Catenaa, Wednesday, May 13, 2026- Alibaba stock rose by 7% on Wednesday as the company said that its growth accelerated for both its AI and cloud businesses in the latest quarter.
Revenue from its Cloud Intelligence Group, which focuses on cloud computing and AI developments, jumped 38% in the January-March quarter from a year ago. That was faster than the 36% and 34% growth in the previous two quarters, respectively.
However, Alibaba recorded an overall loss of $125 million from operations for the quarter, a key measure of profitability of its core operating businesses, which was down sharply from a $4.2 billion gain in the same period last year.
Growing technological investment was one of the main reasons for rising expenses that weighed on profitability, as technology companies globally race to invest to boost infrastructure in supporting the ballooning AI demand.
The Hangzhou-based company, which has about 130,000 employees, last year pledged investments of at least $56 billion over three years in cloud computing and AI infrastructure.
This week, Alibaba said it has fully connected its flagship Qwen AI app to its e-commerce platform Taobao, allowing users to “browse, compare, place orders, and manage deliveries through natural conversation” in hopes of driving up demand.
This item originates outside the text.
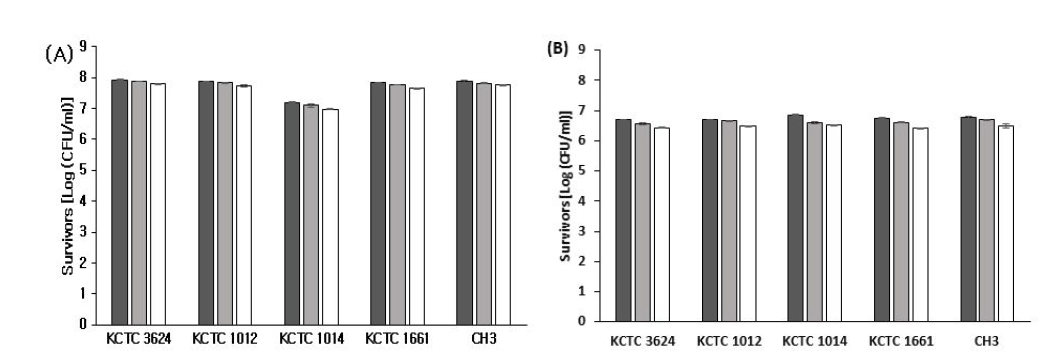 된장에서 열처리 온도 및 시간에 따른 B.cereus포자의 균수 (A):70℃,(B):8 0℃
It launched its “agentic” AI tool Wukong in March to expand its products for commercial customers, and raised prices for some AI services.
“Alibaba’s AI has moved beyond the initial investment phase and progressed to commercialization at scale,” said CEO Eddie Wu on Wednesday in prepared remarks during an earnings call.
In March, Alibaba pledged a goal of surpassing $100 billion in annual AI and cloud revenue within the next five years.
Tencent, a key rival of Alibaba in AI, on Wednesday also reported weaker-than-expected revenue for the January-March quarter. Net profit was up 21%, which fell short of expectations, although some analysts believe its AI investments were also starting to deliver returns.
Capital expenditure across Chinese AI companies is likely to remain elevated as the “investment phase is far from over,” wrote Chelsey Tam, an analyst at Morningstar, in a recent research note, while the AI firms are going to increasingly pivot from user acquisition to monetization.
Despite the 7% gain for the New York Trading, the Alibaba Stock is still down by 2% so far this year.